At St. Monica Academy, students take ownership of their education through innovative environmental education and robust student-led opportunities.

Through an innovative environmental-based curriculum, children at St. Monica Academy in Chicago are growing — academically, physically and spiritually. “You can learn anything in the garden,” says Ray Coleman, Principal at St. Monica Academy. “Education, faith and the environment connect all we do.”

In about a dozen different garden plots on St. Monica’s campus, preschool through eighth grade students blend all academic disciplines through a program called Student Environmental Education and Development Studies (SEEDS), which the school launched 15 years ago, and enhanced by tapping into the expertise of the Chicago Botanic Garden.

“We focus on plant-based learning in the lower grades and have themes we create fresh every year. We have a vegetable soup garden, a fairy tale garden, a salsa garden and a sensory garden. These are things the kids can really connect with,” Coleman explains. “We have a flower garden and a butterfly garden which attracts monarchs and other butterflies.”

st-monica-academy
Photo credit: St. Monica Academy

As students grow, the subjects studied change, and by middle school, they’re studying issues related to climate change, including the importance of water and protecting watersheds, landfills and recycling and renewable sources of energy. “We have photovoltaic solar panels and we connect this into our curriculum and the students study solar, wind, hydroelectric and geothermal energy,” he says. While lessons are rooted in ecology and environmental science, students also lean on the disciplines of language arts, math, social studies, fine arts and religious studies through the SEEDS curriculum.

The academic growth at St. Monica Academy is measurable and capitalizes on the natural curiosity of each age group, beginning in the academy’s top-ranked play-based Early Childhood Program. “Our students really take ownership of the gardens and enjoy the hands-on inquiry-based learning,” Coleman says, adding that there are plenty of community volunteers who help care for the gardens over the summer growing season.

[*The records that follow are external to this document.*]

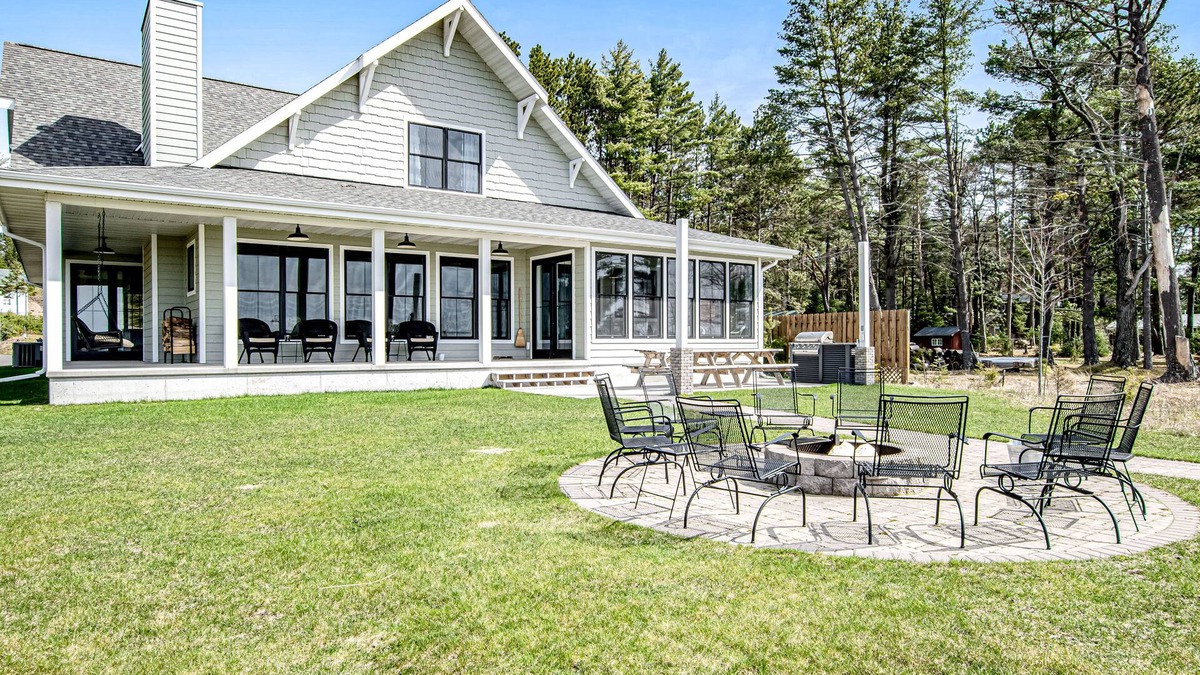 St Germain House | Dog-friendly, lakefront house with beach access, dock, AC, W/D, patio, & firepit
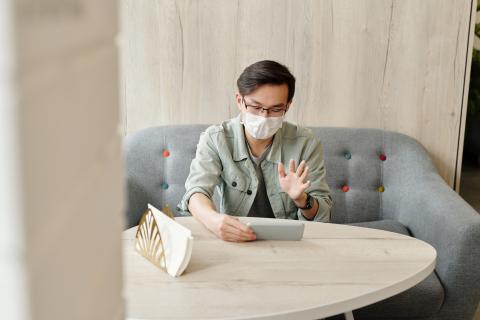 Young man sits on a couch with a mask on waving to a person on his phone in front of him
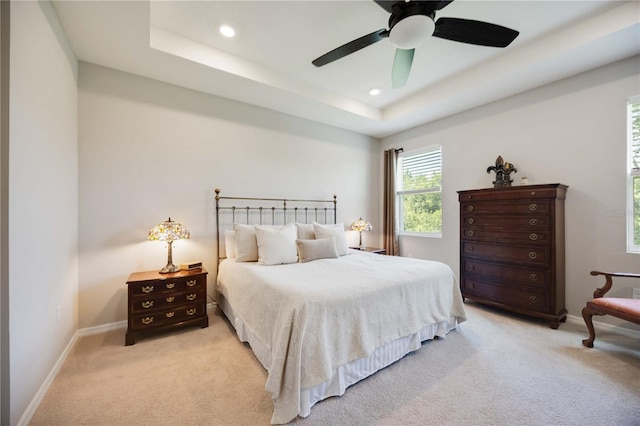 12357 Nantahala Run, Parrish, FL 34219 - bedroom featuring light carpet, recessed lighting, a raised ceiling, and ceiling fan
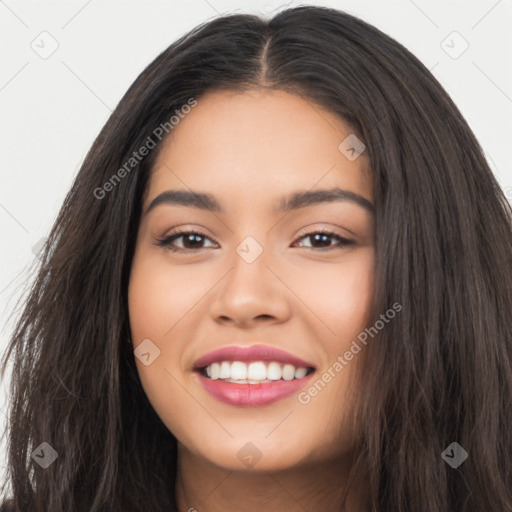 Joyful latino young-adult female with long  black hair and brown eyes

Taking ownership and succeeding

Students at St. Monica Academy also build agency through unique student-led activities, including daily morning video broadcasts. “We knew that the students didn’t need to hear their principal on the loudspeaker doing the announcements, so we established student-led morning video announcements,” says Coleman. “At 7:15 each morning, the students prepare a several-minute broadcast for the following morning, which includes the pledge, a morning prayer, weather and sports, plus birthday announcements,” Coleman says, adding that the kids are adept at editing the video in short order.

“They are efficient and student leaders are in charge of it all. They have an impact on our school in a way that we can see every morning,” he says. “We all have our own gifts, so we use what we have and try different things. This is a great way for kids to have ownership in their school. The more they can own their education, the better off they are.”

Together with strong fine arts and science curricula and comprehensive athletic program, St. Monica Academy students gain a well-rounded faith-based education and learn what is most important in life, Coleman says. And, they are prepared for their next big step.

“A tremendous amount of our students go to Catholic high schools but many also attend selective enrollment schools. In the past 19 years, we have had about a dozen valedictorians and salutatorians at various schools. They do very well when they have a great foundation they formed at St. Monica Academy.”